Zaha Hadid: ‘Ik voel mij als vrouwelijke architect in het Oosten meer geaccepteerd dan in het Westen’
Brits-Iraaks architecte Zaha Hadid is niet meer. In 2008 interviewde Knack Weekend deze Grande Dame van de architectuur in Hongkong. “Hier is het allemaal begonnen, met die wedstrijd. Toen ze de envelop met mijn naam openmaakten, realiseerden ze zich niet dat ik een vrouw was. Toen het eindelijk doordrong, was er een klein tumult.”
Dit interview verscheen op 16 april 2008 in Knack Weekend Magazine p>
In Hongkong werd het startschot gegeven van Chanel Mobile Art, een prestigieuze reizende kunstshow geïnspireerd door de 2.55, de iconische, doorstikte tas van Mademoiselle, ondergebracht in een futuristisch paviljoen van de hand van die andere grande dame, Zaha Hadid.
Want wie kon beter voor het decor zorgen dan de huidige superster onder de bouwmeesters, Zaha Hadid, eerste vrouwelijke winnaar van de Pritzker, de Nobelprijs van de architectuur zeg maar. Dat Chanel Mobile Art uitgerekend in Hongkong aan zijn wereldreis begint, heeft voor haar een speciale betekenis. Hier was het immers dat ze in 1983 haar eerste grote internationale prijs won, voor het ontwerp voor een leisure club op de Peak, de heuvel boven Hongkong. Een gebouw, als “een momentopname van een aan de rotswand hangende vogel”, dat overigens nooit gerealiseerd werd, zoals wel meer van Hadids vroege en als te gewaagd geachte constructies. Dat mythische, dat vervreemdende hebben veel van haar ontwerpen, de zwaartekracht tartend in hun complexe organische vormen.

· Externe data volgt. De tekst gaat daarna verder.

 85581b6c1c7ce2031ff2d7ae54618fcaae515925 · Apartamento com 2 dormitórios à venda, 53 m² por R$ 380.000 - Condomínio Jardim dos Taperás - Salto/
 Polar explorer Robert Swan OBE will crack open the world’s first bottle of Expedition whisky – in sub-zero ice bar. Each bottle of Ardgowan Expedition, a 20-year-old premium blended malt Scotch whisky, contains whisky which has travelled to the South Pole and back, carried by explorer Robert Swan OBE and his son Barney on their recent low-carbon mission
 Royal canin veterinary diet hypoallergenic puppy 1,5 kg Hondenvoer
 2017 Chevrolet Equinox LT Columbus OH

Vijfentwintig jaar later krijgt ze hier genoegdoening: niet alleen is er de inhuldiging van de Mobile Art Container, in 2009 start het werk aan haar spectaculair gelaagde Innovation Tower, waar de School of Design van Hong Kong Polytechnic University ondergebracht zal worden.

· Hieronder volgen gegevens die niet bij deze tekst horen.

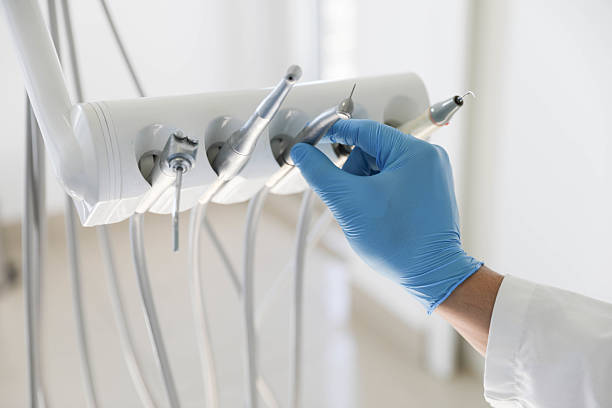 Professional Root Canal Treatment technician working in Shelton, NE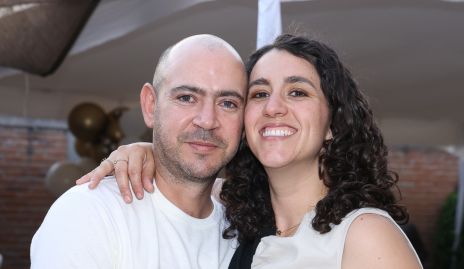  Enrique Puga y María José Martinez.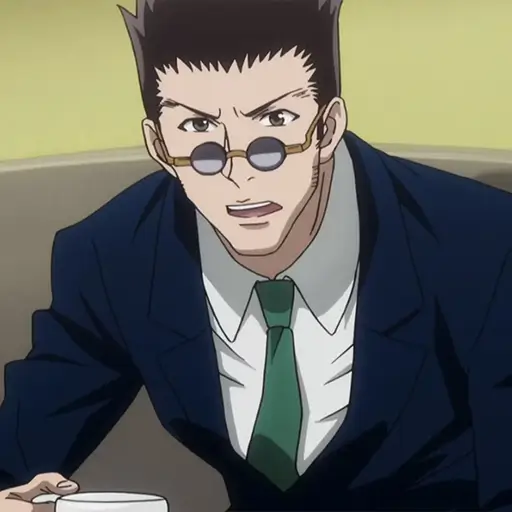 Leorio Paradinight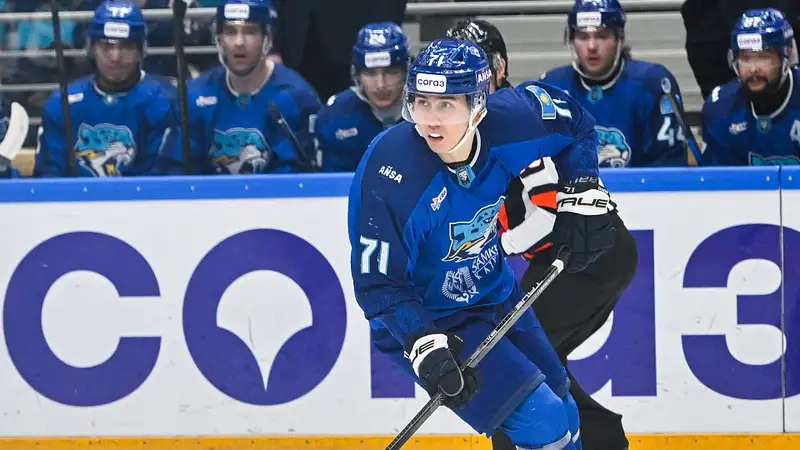 Фото: ХК "Барыс"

Een stormloop. Dat is het wat Hadid veroorzaakt als ze de pers ontvangt in 2222, de presidentiële suite van het Mandarin Oriental. De laatste keer dat ik zoiets meemaakte, was in Cannes, met de intrede van Madonna. Ik had een cerebraal, wat afstandelijk monstre sacré verwacht, Hadid heet een moeilijk mens te zijn. Heeft de allures van een operadiva, een mezzo dan, met haar diepe stem. Maar voor de rest is ze heel down to earth, met een gezond relativeringsvermogen en een snibbig gevoel voor humor dat zich voornamelijk uit in grapjes ten koste van Patrik Schumacher, al twintig jaar haar naaste medewerker en vennoot. Wat ze zelf vindt van de Mobile Art Container, die ze vandaag voor het eerst geassembleerd ziet ?
Zaha Hadid: “Ik zag hem vanmorgen vanuit het raam, wat de beste manier is, van bovenaf. Wat mij bevalt, is dat hij op het dak van een parking staat, alsof hij boven de grond zweeft. Een ufo tussen de torens, een druppel kwik in het landschap. En ja, dit is een belangrijk moment voor mij. Hier is het allemaal begonnen, 25 jaar geleden, met die wedstrijd. Toen ze de envelop met mijn naam openmaakten, realiseerden ze zich niet dat ik een vrouw was. Toen het eindelijk doordrong, was er een klein tumult. Een vrouw die een belangrijke architecturale prijs won, dat was nog nooit gebeurd. Sindsdien is er veel veranderd. Hoewel, als ik in dit hotel de telefoon opneem, ben ik nog altijd ‘ Sir ‘” (lacht).
Hebben vrouwelijke architecten het nu gemakkelijker?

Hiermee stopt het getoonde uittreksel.